Did you have to learn a new skill set in writing for the series?

When you’re doing television, you have so many people’s opinions. You’ve got different directors and FX and the production company. You’ve got the various producers, you’ve got the writers. Suddenly you’re getting emails from people asking you to change things, and you’re like, “Who the fuck are you?” I’m used to dealing with A&R and management and some collaborators, not having to appease 30 people’s opinions.

Danny was very good about that. He has a strong vision, but when you get to a certain level of success as a director, it’s also about how you navigate all the moving parts. You can’t just be like, “Fuck you, fuck FX, I want to do it my way.” You just can’t. I found Danny to be incredibly articulate and cleverly accommodating. Rather than throwing his toys out the pram, he made it feel like those asking for changes were considered. When you’re suddenly being asked to do 10 new things, Danny would be like, “Well, you give ’em one new thing—but you gotta give ’em something.” You gotta make people feel invested. Make each director feel that they have something that is theirs, but they also have to respect that you’ve created a sound and you’re an artist too. You just learn a lot about communication.

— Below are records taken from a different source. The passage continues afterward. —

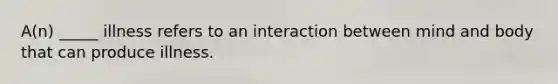 A(n) _____ illness refers to an interaction between mind and body that can produce illness.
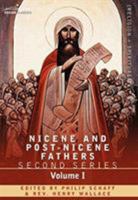 Nicene and Post-Nicene Fathers: Second Series Vol I - Eusebius: Church History, Life of Constantine the Great, Oration in Praise of Constantine 1602065071 Book Cover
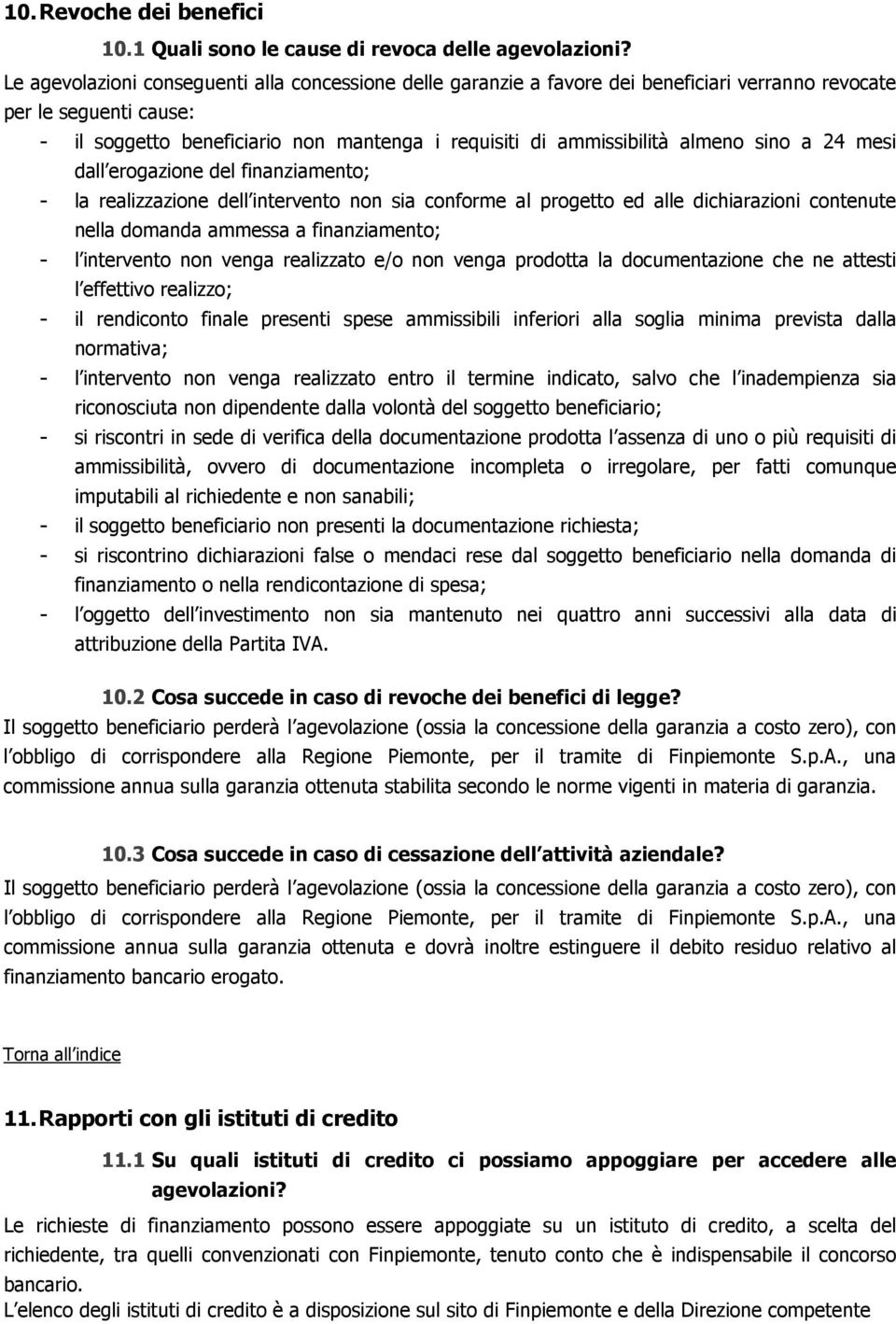 almeno sino a 24 mesi dall erogazione del finanziamento; - la realizzazione dell intervento non sia conforme al progetto ed alle dichiarazioni contenute nella domanda ammessa a finanziamento; - l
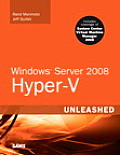 Windows Server 2008 Hyper V Unleashed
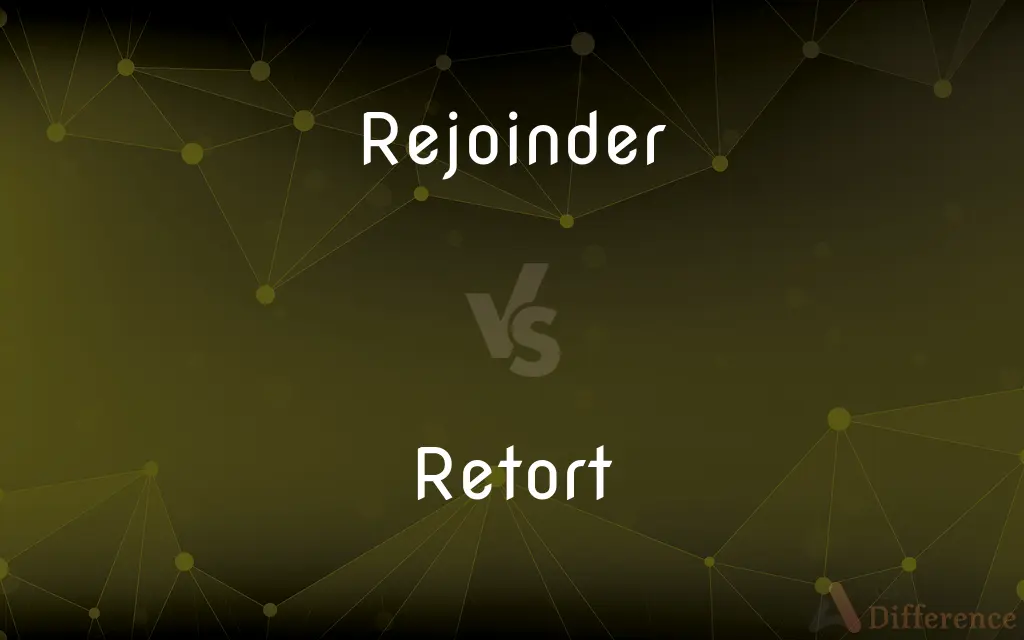 Rejoinder vs. Retort — What's the Difference?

If you could have done one thing differently with Mo’Wax, what would it have been?

I wouldn’t have walked out the way I did with XL. I don’t know what happened there. I think I was so fucked and burned out and exhausted. I had an office by the time I was 18. I had staff. I was the youngest in the building, in my own company. I had too much responsibility, which I didn’t really know how to deal with, and I didn’t have the support. It’s like, if you give a kid an F1 McLaren, he’s gonna drive it fast, you know. I regret not having somebody that would have caught me when I fell, but on another level I just wish I’d not walked away. I wish somebody had said, “Take six months off.” But it’s hard to take six months off when you’re 27, 28, and you’re DJing every club in the world and you have a seven-year-old child and you’re trying to deal and you don’t really have the knowledge. The snowball goes out of control. There was nobody there just to say, “Stop. Let’s just stop for six months. It will be OK.” It was literally like, “It’s over. Goodbye.”

You did a new UNKLE record last year, your first in seven years. Given that the previous album had been such a star-crossed affair, what did you want to do differently on the new one?

Where Did the Night Fall was all about getting the music first, not the songs. You had this exhausting process of recording drums and synthesizers and every sound had to be perfect. I didn’t want to go through that process this time. I wanted to start simply, get the lyrics and melodies formatted, work around basic beats and basic sounds, and take that song to the appropriate person to get the sound you’re looking for. Also, to feel like you’ve got something to say, because it’s not just about whacking a record out for the sake of it.

What’s the biggest thing you learned from the process of making this one?

It doesn’t have to be this constant emotional upheaval. Life can be simple and it can be gentle. We made our records very hard for various reasons. It doesn’t have to always be so hard.